- Walmart acquired grocery delivery service Cornershop for $225 million. The acquisition should help Walmart expand its e-commerce business in Latin America.
- Nio, the Chinese electric vehicle company, went public on the New York Stock exchange and looks to challenge Tesla in China.
- Airbus is among investors pouring $8.4 million into Impossible Aerospace, makers of a drone that can fly for two hours per charge.
Here's a roundup of the most important deals in venture capital from the last week.
Walmart plans to acquire the grocery delivery start-up Cornershop for $225 million. The company, which operates in Latin America, had raised around $20 million in venture funding from Accel, Endeavor Global, Jackson Square Ventures and others. Like Instacart, customers can use Cornershop to send a personal shopper to the grocery to pick up, and then deliver the items they want to their homes.
Chinese electric car company Nio made its Wall Street debut on Wednesday. The company offers the only premium electric vehicle in China besides Tesla, including a seven-seat SUV that sells for a lower price than the comparable Tesla Model X.
Nio aims to use funds raised in its IPO to develop a Tesla Model 3 competitor, and to expand sales of its cars into Europe and the United States. The company raised about $1 billion in the IPO, pricing shares at $6 each, hitting the low end of its expected range. Shares rose throughout the week, and closed on Friday at $9.90.
Lithia Motors and BMW iVentures were among investors in a $71 million venture round for Shift, a digital marketplace for used cars that lets customers book a test-drive at home. A concierge brings them the car to try out, with no obligation to buy and no fees for the service. Shift also determines what a car's suggested real market value is before a seller lists it there.
The company competes with the likes of eBay, CarMax, and AutoTrader.
A legal tech start-up called Atrium has raised $65 million in a series A funding round from investors, including General Catalyst, Andreessen Horowitz and Y Combinator.
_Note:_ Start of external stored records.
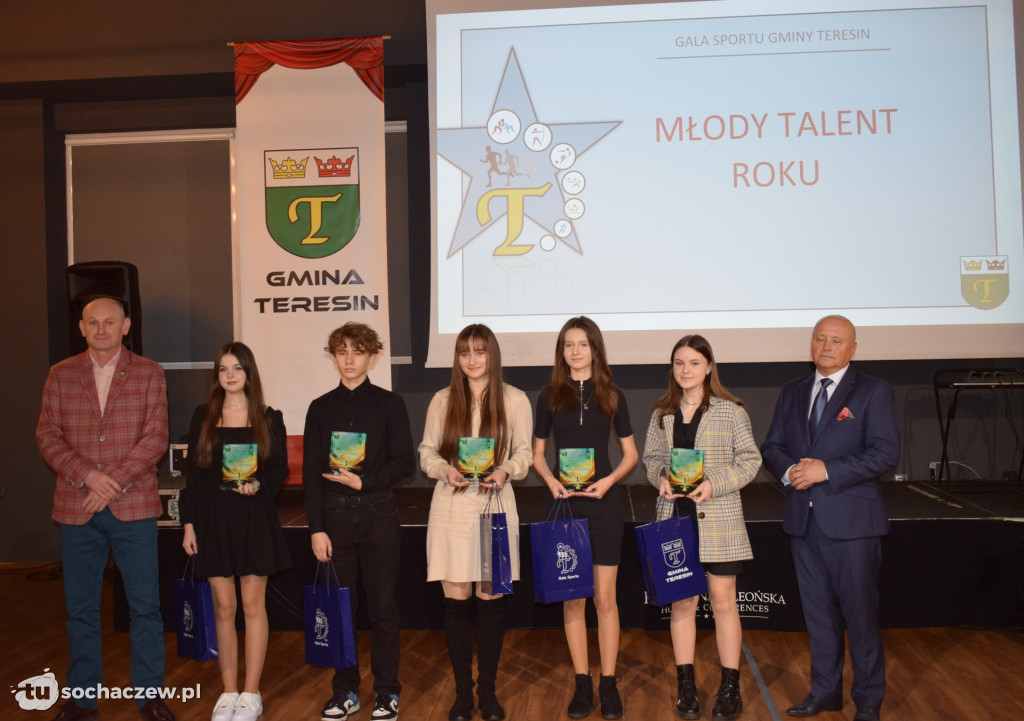 VI Gala Sportu Gminy Teresin 2024
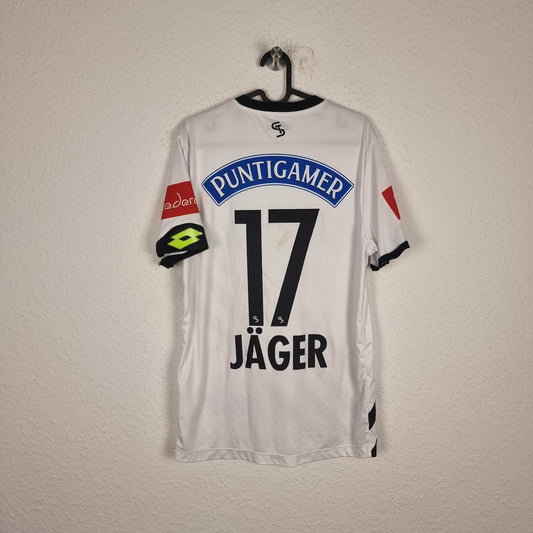 Trikot - Sturm Graz - Lukas Jäger - 2019/2020 - M - Heim - matchworn
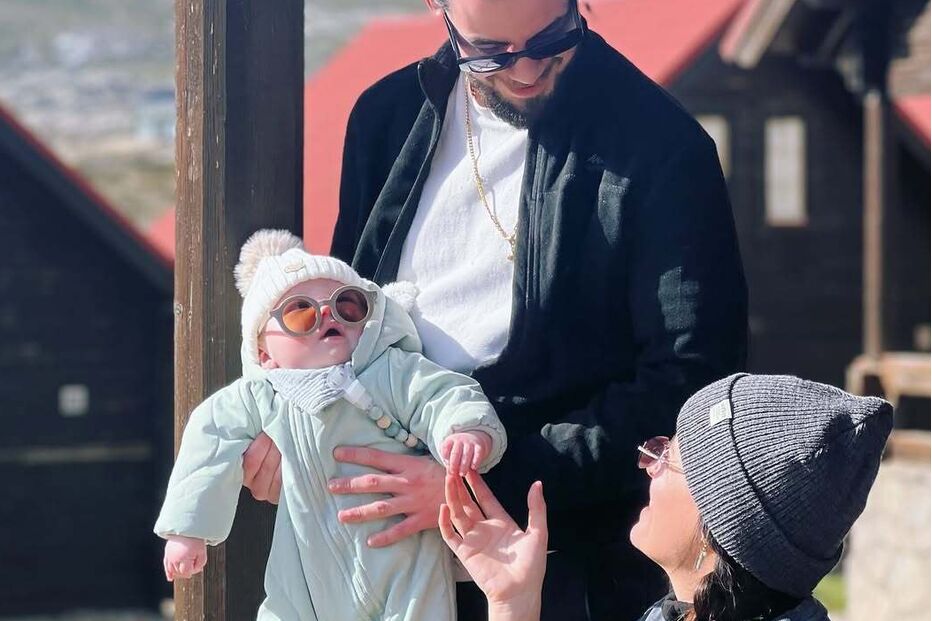 Syro, Mariana Pacheco e o filho, Amadeo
Atrium CEO Justin Kan, who previously founded Twitch, said he started the company to "improve the delivery of legal services and lower costs" using machine learning technology.
But, he added, "We're not trying to build AI that replaces lawyers." The company wants to enable lawyers to reduce "grinder" work, and focus on expert advising.
A Brazilian scooter start-up called Yellow raised $63 million in a series A funding round from investors like GGV Capital, Monashees Capital, Grishin Robotics and others.
Yellow, which already operates bike and scooter-rental services in Brazil, intends to use the funding to expand its scooter and bike-sharing operations in Latin America. They also aim to build their own factory to manufacture their own electric scooters there.
Google's venture arm GV, Battery Ventures, Marc Benioff and programmer-model Karlie Kloss are among investors in a $44 million series B round for StockX, an online marketplace for selling used goods including sneakers and watches.
System1 raised $25 million for drug discovery that could lead to treatments for epilepsy, autism and schizophrenia. The series A funding round was led by CRV and Pfizer Ventures.
Travel tech start-up Beekeeper added $13 million in series A funding to its coffers. The company's software helps non-desk workers stay connected and coordinated across large organizations and departments. It counts Marriott and Heathrow Airport as clients.
Airbus Ventures, Bessemer Venture Partners and Eclipse Ventures have poured $9.4 million into Impossible Aerospace, makers of a battery-powered drone that can fly for two hours on one charge.
According to investor Seth Winterroth, a partner at Eclipse, "The US-1 takes a battery first approach to meeting the needs of a rapidly growing commercial drone industry desperate for higher performance and substantially longer flight times." Long-term, the investor said, Impossible could evolve its unique battery tech and aircraft designs to develop electric planes.
Venture capitalist Mary Meeker, who is as well-known for her Internet Trends report as her deal-making, announced that she will be leaving Kleiner Perkins to start her own fund. Three other Kleiner investors, Mood Rowghani, Noah Knauf and Juliet de Baubigny, will join Meeker at her new firm, which has not yet settled on a name, the New York Times reported.